While larger businesses often forge close relationships with their accountant, outsourcing all financial services, many small-business owners only consult an accountant when it’s time to submit their tax return. But whether your accountant is an integral part of your team or delivers a once-a-year service, it pays to have them onside in the run-up to selling your business.
Planning for Success
Any serious buyer will be looking for accounting records that are not only in apple-pie order but that clearly substantiate your business’s value; if anything is amiss here, buyers will be wary of committing and may even look to lower the asking price.
Instruct your accountant in the early stages of the selling process and you can get ahead of the game by setting or substantiating your selling price, preparing paperwork for review and setting the stage for any due diligence you need to carry out further down the line.
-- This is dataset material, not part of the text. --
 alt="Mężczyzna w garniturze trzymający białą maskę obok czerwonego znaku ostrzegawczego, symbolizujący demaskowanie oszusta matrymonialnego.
A good accountant will also be able to liaise with the buyer’s accountant as negotiations progress and will offer advice on how to best structure your sale to minimise tax liability.
Getting the Price Right
Do you know how much your business is worth? You probably have an idea of how much you’d like to gain from a sale – and there are plenty of formulae to help you arrive at a ballpark price, including using a multiple of profits or an asset valuation, or an online calculator like.
But an accountant will be able to help you fine-tune your price via a comprehensive evaluation of your assets and liabilities and by detailing what will be included in the sale (brand, website etc). They’ll also be able to build a picture of your income over time and assign value to your past earnings, cash flow and balance sheets, as well as any overlooked liabilities.
Structuring the Deal
A sale can take many forms, including an acquisition by a larger competitor or by a shell company. It can also comprise of a variety of aspects – assets like intellectual property, buildings and equipment or company shares, for example. During the ‘Heads of Terms’ stage, the accountant will draw up a prospectus, outlining the agreement and projecting timescales.
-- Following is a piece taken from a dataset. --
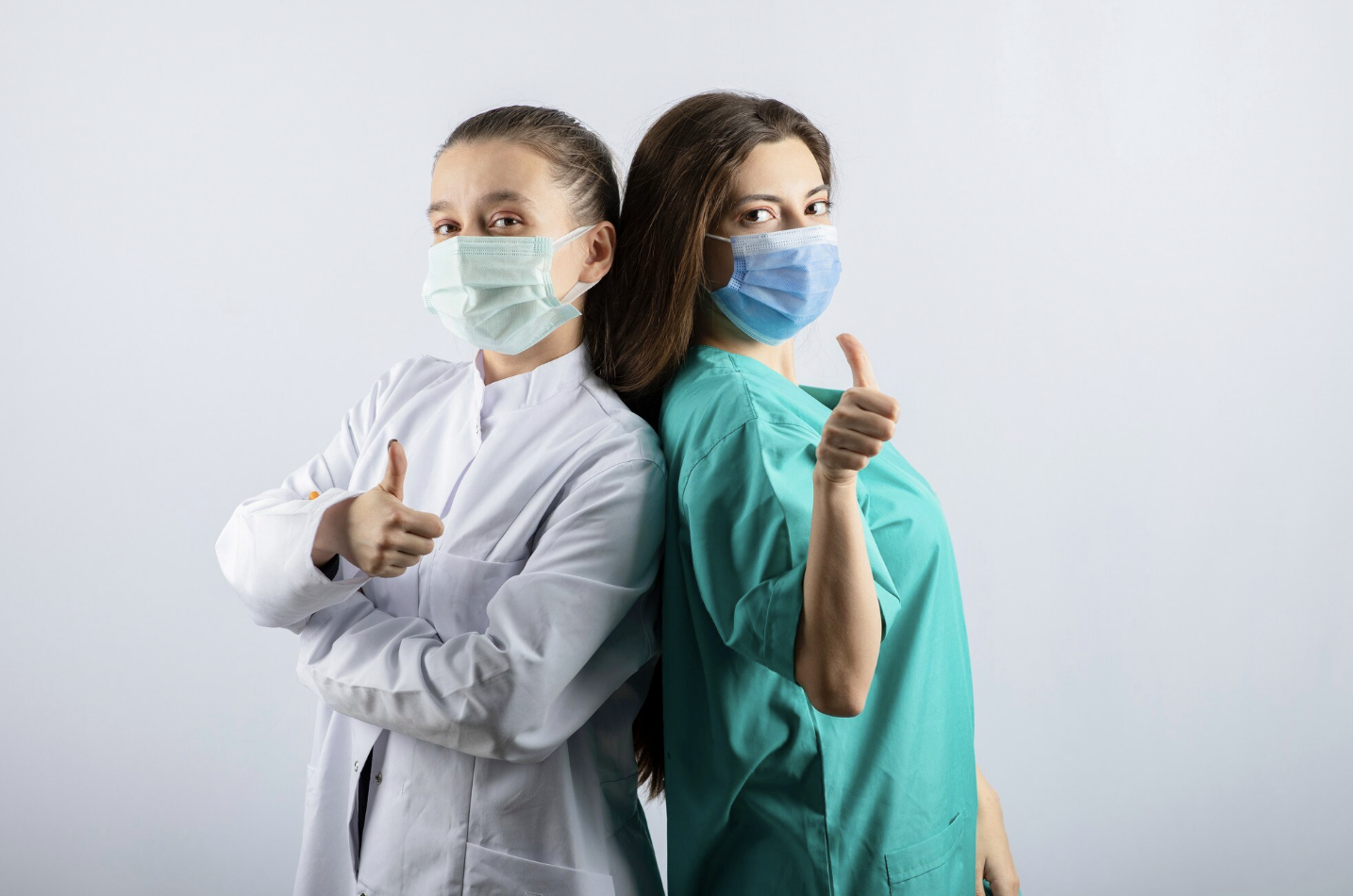 dos mujeres de carrera medica contra espaldas y mascarillas con un dedo mostrando ok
Your accountant should be able to outline the pros and cons of various options and will detail exactly what your responsibilities are in any given scenario, so you’ll know where you stand. Although your solicitor will lead the legal process, a strong client-accountant relationship will make the whole process run a lot more smoothly. They’ll also be able to advise on the tax implications of making adjustments to the sale price, which could save you time and money in the long run.
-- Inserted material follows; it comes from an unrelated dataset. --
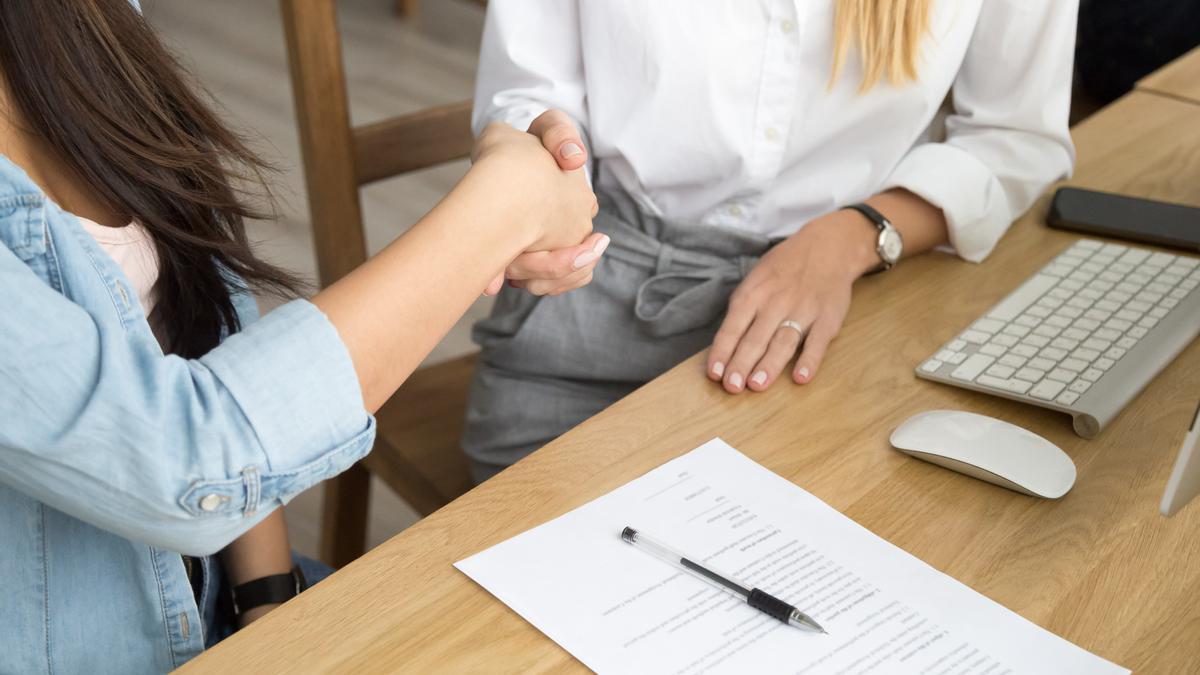 Una mujer estrecha la mano después de firmar su renuncia.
Before even listing your business for sale, you should seek your accountant’s advice on due diligence: are there any assets, practices or liabilities that could impact either the saleability or price of your business and, if so, how can you mitigate them? An objective opinion from a trusted professional will cut through the emotional aspect of selling your business and provide a sounding board for your concerns.
Your accountant can also investigate your potential buyer’s credentials, examining their strategy and evaluating whether or not they can afford to go through with the deal.
Moving to the Next Stage
Whether you’re looking forward to retirement or using the sale to springboard to your next business opportunity, you’ll need to do some planning. An accountant can help you to start thinking about your next steps, advising on options for reinvesting or referring you to an independent financial advisor (IFA) for other further advice.